Parcours de Miguel Hernández
Il était né dans une petite ville, Orihuela, près d'Alicante, le 30 octobre1910. Son père était gardien de chèvres. Il
y passa sa jeunesse en gardant les troupeaux et en regardant passer les rêves dans les nuages, attendant sur le dos
que ses chèvres broutent le temps qui passe. Autodidacte à peine dégrossi par les Jésuites (école San Domingo
de 1924 à 1925), il ne se nourrissait que de livres de poésie et de rosée. Aussi étonnant que cela puisse paraître
c'est le très complexe et tortueux Gongora qui le fascina et modela ses premiers poèmes (les lunes
examinées1933- Peritos en lunas). De Gongora il avait pris le goût des images fantasques, incongrues alliées à
une forme stricte. Saint-Jean de la Croix était aussi une de ses lectures préférées. Son meilleur ami fut Ramón
Sigé, écrivain officiel de la ville.
Répondant à un appel intérieur il quitte sa ville natale, sa femme et ses enfants pour rejoindre Madrid, comme un
papillon vers la lampe. Sa solitude semblait trop étroite et le besoin de rencontrer d'autres poètes trop fort. Et à
21 ans le voici sur les routes passant de la poussière au bitume.
Ses rencontres avec Lorca, Alberti et Neruda sont pour lui un choc profond. Lui le paysan taciturne se trouve en
face des grands poètes espagnols et qui le reconnaissent et le protègent. Tous s'émerveillent devant ce « pasteurpoète » qui sent si bon la terre et l'authentique. Lui continuait à se sentir perdu, sans la tendresse de ses chèvres,
ni le frémissement de la terre. Il se résigna à travailler chez un notaire.
Il n'y rencontra pas l'obscure magie du droit, mais l'amour en la personne de Josefina Manrresa. Sa poésie se
soulève alors en chant sensuel. « El rayo que no cesa » (la lumière qui jamais ne s'éteint), entrevoit le tragique de
la vie et la magie de l'amour.
Il fut aussi le secrétaire de José María Cossío, spécialiste taurin. Peu à peu l'influence déterminante de Pablo
Neruda change son écriture. Il se dégage de l'ombre de l'ami précieux Ramón Sigé, englué dans le religieux, et
qui meurt en 1935 le laissant quasiment orphelin.

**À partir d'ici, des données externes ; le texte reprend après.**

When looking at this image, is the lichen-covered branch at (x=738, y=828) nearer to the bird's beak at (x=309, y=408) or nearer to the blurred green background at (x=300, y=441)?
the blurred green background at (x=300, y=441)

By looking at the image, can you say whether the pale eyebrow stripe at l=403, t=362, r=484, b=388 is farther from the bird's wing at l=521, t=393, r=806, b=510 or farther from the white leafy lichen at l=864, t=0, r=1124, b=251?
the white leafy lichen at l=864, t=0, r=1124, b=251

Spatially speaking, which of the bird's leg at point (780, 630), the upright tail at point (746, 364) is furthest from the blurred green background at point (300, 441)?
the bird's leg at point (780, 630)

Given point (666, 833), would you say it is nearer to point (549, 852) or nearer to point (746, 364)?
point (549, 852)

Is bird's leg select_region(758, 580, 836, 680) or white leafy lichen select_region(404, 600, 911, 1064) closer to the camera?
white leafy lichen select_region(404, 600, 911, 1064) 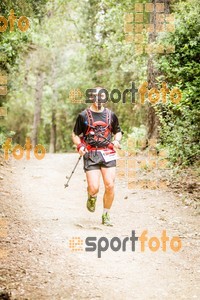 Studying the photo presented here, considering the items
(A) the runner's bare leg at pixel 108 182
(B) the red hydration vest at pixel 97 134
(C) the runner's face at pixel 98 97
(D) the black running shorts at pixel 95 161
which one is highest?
(C) the runner's face at pixel 98 97

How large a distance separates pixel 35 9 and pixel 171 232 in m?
8.24

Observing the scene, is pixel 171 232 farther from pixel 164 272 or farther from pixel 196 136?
pixel 196 136

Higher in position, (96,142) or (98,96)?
(98,96)

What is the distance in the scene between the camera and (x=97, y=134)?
6.98 metres

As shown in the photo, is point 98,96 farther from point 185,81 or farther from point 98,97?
point 185,81

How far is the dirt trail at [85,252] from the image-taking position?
4.92 m

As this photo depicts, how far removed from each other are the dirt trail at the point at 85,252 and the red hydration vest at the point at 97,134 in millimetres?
1396

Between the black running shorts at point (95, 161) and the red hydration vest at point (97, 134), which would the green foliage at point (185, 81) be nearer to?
the red hydration vest at point (97, 134)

Et ce jeune paysan prend conscience des houles sociales, de la souffrance du peuple. Il deviendra après sa mort,
une icône des communistes. En 1936, Miguel devient totalement madrilène dans cette atmosphère de guerre
montante qui rôde. Ses amis soutiennent la République et tout naturellement il les rejoint. Ses poèmes chantent
« la liberté à défendre ». L'horrible guerre civile qu'il voit monter, la tragédie du quotidien, change du tout au
tout son écriture qui devient compacte et violente. Partisan de l'armée républicaine en septembre, 5é régiment, il
voit son fils mourir et les carnages de la guerre tout autour de lui.
Il devient le commissaire à la culture du « Bataillon de El campesino ». Sa foi communiste le fait participer à
Moscou au Vème festival du théâtre soviétique. Plus important que cela il se sera marié en 1937, chez lui à
Orihuela avec Josefina. Il aura un fils Manuel Ramón en 1938, qui mourra en bas-âge et dont il ne verra ni la
naissance, ni la mort, et un autre Manuel Miguel en 1939. Pour eux il écrit de merveilleux poèmes de tendresse
et d'espoir (Berceuse à l'oignon).
Lui, enfant jamais idolâtré mais battu par son père qui ne supportait pas de le voir lire et écrire au lieu de
surveiller le troupeau, aura su écrire les plus touchants poèmes d'amour, sans que jamais la haine ou la
vengeance ne niche en lui.
Sa vérité d'homme fit sa vérité de poète, portant en lui trois blessures: d'amour, la mort, de la vie. Et surtout les
blessures de son peuple. Sa joie d'écrire en gravant dans sa tête les mots avant de les coucher sur papier, lors de
ses longues marches, se transmet dans la passion de ses mots. Sa liberté insolente, son authenticité profonde, son
éthique qui lui fera refuser toute compromission même pour sauver sa vie, en font une figure inaltérable de poète
debout, de l'homme debout. Un homme solidaire et solaire, ardent artisan des mots. Il est mort les yeux ouverts,
physiquement et symboliquement, confiant dans les hommes. Le pasteur d'Orihuela fait maintenant paître ses
mots dans les prairies d'étoiles et il court toujours après ses chèvres avant que nulle ne nous manquent les jours
de grande faim de l'espoir.
Le jardinier de la terre
Témoin de l'atroce il transcrit dans ses recueils « Viento del pueblo » (1937) et « El hombre acecha » (1938), la
déshumanisation des hommes. Après le triomphe du fascisme de Franco, il tente de s'enfuir au Portugal, alors
que ses amis lui proposent de se réfugier à l'ambassade du Chili, mais la Garde Civile l'arrête et le torture.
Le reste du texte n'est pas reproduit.